Roccella, dissenso o intolleranza?

La mancata presentazione del libro del ministro Roccella al recente Salone del Libro di Torino non può passare sotto silenzio o derubricato ad un fatto di colore o di banale incomprensione. No, perché dietro a quella vicenda – e soprattutto dopo le reazioni politiche dei vari partiti – emerge anche qual è la concezione che alcuni attori politici e giornalistici hanno del pluralismo, del rispetto dell’avversario politico, della tolleranza e del confronto tra parti politiche profondamente diverse. Detto in altri termini, della concezione che si ha della democrazia e dei suoi istituti principali.

Ora, tutti più o meno sappiamo qual è stata la dinamica concreta di quella presentazione mancata. Ma quello che importa sottolineare, almeno a mio parere, sono appunto le reazioni politiche. Perlomeno di alcuni partiti.

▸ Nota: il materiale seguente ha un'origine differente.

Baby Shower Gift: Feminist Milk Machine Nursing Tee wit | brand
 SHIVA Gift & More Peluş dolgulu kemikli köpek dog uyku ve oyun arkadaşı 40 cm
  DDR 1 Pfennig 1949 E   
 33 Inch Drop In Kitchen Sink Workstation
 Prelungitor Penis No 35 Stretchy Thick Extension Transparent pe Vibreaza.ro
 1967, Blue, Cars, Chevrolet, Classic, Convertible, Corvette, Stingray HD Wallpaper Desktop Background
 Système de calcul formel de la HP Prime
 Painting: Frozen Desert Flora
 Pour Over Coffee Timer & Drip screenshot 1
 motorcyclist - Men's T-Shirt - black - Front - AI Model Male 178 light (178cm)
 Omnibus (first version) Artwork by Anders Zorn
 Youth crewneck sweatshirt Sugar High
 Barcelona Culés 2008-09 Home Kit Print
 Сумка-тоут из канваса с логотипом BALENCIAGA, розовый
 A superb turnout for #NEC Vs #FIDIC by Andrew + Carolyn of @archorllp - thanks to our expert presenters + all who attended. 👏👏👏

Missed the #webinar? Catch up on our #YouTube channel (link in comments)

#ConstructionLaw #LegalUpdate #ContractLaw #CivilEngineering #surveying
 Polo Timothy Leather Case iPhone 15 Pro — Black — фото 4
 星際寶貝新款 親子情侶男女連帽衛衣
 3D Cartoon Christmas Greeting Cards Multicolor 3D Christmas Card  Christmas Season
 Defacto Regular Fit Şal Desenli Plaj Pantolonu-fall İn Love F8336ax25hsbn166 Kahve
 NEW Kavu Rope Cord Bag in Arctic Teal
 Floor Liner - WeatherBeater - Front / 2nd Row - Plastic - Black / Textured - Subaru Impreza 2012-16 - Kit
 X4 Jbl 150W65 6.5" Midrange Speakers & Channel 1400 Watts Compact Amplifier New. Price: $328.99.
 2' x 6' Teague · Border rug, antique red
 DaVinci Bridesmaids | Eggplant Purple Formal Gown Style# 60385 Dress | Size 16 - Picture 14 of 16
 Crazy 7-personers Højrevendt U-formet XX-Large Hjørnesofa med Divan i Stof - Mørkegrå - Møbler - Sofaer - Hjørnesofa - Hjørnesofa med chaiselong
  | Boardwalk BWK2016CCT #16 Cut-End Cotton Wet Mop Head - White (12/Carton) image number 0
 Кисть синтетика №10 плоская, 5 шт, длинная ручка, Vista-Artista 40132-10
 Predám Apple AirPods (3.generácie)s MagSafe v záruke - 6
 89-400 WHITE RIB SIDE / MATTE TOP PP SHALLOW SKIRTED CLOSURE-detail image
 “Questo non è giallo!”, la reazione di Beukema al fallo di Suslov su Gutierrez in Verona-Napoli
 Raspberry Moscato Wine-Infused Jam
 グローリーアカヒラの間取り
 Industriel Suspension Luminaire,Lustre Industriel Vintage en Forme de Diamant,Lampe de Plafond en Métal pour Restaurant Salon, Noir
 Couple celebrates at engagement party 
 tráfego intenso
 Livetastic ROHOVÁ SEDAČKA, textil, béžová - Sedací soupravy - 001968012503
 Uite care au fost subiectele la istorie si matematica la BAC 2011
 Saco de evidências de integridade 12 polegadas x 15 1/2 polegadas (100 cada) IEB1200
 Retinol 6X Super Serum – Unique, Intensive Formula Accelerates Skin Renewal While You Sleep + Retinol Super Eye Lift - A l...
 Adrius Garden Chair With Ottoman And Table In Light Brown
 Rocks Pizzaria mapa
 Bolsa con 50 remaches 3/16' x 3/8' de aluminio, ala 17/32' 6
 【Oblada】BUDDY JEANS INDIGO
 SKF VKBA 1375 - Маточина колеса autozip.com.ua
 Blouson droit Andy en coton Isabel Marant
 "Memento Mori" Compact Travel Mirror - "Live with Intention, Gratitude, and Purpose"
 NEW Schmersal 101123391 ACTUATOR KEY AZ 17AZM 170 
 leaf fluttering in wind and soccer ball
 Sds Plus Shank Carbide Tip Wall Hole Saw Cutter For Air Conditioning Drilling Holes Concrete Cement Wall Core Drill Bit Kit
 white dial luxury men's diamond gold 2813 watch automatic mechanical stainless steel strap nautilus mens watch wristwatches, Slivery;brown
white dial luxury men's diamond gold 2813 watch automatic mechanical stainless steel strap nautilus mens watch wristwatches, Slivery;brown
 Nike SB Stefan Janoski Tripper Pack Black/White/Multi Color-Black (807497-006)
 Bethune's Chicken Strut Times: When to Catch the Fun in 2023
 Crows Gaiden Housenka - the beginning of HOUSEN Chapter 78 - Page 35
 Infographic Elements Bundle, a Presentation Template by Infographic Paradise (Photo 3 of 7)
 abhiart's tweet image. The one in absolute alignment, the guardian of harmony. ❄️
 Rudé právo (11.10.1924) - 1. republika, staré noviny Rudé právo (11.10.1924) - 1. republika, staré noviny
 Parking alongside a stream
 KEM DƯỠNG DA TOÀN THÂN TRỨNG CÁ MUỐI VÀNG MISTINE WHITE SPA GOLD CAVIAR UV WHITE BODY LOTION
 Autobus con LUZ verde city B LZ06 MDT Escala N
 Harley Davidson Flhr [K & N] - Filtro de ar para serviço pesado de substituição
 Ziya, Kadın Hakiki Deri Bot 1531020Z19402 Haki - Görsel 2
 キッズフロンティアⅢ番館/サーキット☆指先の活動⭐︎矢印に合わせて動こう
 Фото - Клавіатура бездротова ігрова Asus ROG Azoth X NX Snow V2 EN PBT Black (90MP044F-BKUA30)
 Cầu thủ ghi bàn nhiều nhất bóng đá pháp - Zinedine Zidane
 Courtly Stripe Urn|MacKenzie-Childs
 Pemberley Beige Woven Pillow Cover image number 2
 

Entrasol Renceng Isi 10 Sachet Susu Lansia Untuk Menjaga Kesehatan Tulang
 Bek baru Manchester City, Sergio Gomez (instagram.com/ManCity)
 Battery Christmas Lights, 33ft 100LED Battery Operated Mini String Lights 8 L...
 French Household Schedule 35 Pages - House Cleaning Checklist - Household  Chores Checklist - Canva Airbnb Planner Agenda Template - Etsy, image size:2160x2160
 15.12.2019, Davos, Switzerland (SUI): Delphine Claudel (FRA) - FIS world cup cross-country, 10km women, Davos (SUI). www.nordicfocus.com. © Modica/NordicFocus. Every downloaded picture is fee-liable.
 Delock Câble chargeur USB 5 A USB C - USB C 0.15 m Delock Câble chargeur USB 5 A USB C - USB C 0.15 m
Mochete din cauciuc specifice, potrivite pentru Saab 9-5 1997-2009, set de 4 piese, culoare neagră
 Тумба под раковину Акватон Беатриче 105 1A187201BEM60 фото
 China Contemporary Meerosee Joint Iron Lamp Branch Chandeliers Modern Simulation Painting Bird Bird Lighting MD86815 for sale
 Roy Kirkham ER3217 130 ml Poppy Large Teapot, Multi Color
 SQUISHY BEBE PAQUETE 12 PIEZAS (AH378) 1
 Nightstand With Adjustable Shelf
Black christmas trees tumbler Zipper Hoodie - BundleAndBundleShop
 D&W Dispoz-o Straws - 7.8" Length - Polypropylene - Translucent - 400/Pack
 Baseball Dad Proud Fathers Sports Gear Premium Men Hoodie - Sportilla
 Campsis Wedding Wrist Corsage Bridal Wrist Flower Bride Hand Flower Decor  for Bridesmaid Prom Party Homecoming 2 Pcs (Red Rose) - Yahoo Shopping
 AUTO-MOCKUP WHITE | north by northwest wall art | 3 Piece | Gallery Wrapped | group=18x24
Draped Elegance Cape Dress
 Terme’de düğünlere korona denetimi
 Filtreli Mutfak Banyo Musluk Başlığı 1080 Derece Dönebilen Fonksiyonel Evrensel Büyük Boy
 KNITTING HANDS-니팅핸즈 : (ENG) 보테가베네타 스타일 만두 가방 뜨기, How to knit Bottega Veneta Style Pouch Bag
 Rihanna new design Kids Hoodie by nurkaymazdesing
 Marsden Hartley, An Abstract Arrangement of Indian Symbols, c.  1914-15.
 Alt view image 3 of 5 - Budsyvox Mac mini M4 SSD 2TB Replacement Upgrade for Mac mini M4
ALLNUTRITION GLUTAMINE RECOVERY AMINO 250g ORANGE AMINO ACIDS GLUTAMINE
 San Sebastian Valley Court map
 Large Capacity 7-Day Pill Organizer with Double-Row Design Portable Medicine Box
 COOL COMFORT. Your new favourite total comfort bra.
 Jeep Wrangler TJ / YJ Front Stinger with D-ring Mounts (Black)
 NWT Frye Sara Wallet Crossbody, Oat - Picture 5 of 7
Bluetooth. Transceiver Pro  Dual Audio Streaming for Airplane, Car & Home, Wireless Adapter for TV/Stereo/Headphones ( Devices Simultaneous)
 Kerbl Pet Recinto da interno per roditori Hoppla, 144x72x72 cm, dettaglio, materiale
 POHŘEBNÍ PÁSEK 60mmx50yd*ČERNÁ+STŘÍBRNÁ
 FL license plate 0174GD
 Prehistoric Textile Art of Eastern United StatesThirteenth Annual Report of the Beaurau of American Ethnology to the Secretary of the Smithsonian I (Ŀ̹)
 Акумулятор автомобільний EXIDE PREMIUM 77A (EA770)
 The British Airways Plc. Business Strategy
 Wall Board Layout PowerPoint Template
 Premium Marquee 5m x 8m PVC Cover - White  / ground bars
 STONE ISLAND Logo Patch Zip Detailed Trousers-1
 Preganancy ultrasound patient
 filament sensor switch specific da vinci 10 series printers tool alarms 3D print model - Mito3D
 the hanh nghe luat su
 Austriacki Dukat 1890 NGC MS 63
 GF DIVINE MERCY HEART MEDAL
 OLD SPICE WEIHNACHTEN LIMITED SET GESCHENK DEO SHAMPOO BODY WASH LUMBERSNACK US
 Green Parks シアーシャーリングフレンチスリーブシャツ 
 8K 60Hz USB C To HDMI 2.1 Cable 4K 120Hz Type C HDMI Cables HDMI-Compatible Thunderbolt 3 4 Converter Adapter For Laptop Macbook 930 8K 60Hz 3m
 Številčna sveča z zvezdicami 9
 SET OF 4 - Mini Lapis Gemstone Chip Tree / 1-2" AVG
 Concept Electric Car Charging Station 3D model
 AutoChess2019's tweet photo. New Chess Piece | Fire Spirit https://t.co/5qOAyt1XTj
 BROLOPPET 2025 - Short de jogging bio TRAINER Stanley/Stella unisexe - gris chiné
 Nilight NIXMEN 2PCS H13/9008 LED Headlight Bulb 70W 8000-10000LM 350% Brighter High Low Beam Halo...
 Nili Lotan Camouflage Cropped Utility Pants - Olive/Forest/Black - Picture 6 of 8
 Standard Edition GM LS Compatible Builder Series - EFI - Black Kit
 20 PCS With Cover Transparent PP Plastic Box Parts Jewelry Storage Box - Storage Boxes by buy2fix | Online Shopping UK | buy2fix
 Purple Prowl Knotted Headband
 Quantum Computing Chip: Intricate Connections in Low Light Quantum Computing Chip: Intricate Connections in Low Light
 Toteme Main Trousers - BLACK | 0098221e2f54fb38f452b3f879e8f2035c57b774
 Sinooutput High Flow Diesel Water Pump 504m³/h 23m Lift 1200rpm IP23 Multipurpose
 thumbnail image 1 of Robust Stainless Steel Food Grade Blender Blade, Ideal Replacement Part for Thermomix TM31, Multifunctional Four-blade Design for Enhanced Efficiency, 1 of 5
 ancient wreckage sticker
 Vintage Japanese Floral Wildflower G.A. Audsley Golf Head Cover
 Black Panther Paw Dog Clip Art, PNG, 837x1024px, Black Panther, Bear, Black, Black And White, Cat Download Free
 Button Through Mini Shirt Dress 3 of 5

Dunque, ricapitolando, e se ho ben capito, la tesi della sinistra – a cominciare dalla sua segretaria nazionale Schlein – e del circo mediatico che la appoggia è la seguente: il confronto è sempre importante ma non si può non tener conto che ci troviamo di fronte ad un Governo con una specifica caratterizzazione autoritaria, con una possibile deriva fascista, con una politica che restringe se non addirittura annulla i diritti fondamentali e che, dulcis in fundo, può stravolgere la Costituzione e azzerare la stessa libertà di espressione e di spazi democratici. E, di conseguenza, il diritto di contestare – in sé, come ovvio e scontato, legittimo – può anche tacitare il “nemico” giurato della democrazia, della libertà e della difesa dei principi basilari. Insomma, e tradotto per i non addetti ai lavori, se la Roccella non ha potuto presentare il suo libro a Torino la responsabilità politica è esclusivamente riconducibile a ciò che dice, a ciò che pensa e a che cosa rappresenta politicamente il ministro Roccella. E quindi, coerentemente con questa tesi, con quello che dice e che pensa la Roccella la cosa migliore è zittirla. Con le buone o con le cattive, come si suol dire. Anche perché, ultima considerazione della sinistra – come ha detto il direttore della Fondazione del Salone del Libro Lagioia – “nel momento in cui c’è una ministra che è anti abortista si capisce che le donne si sentano minacciate”. E quindi, com’è facile dedurre, tutto può accadere.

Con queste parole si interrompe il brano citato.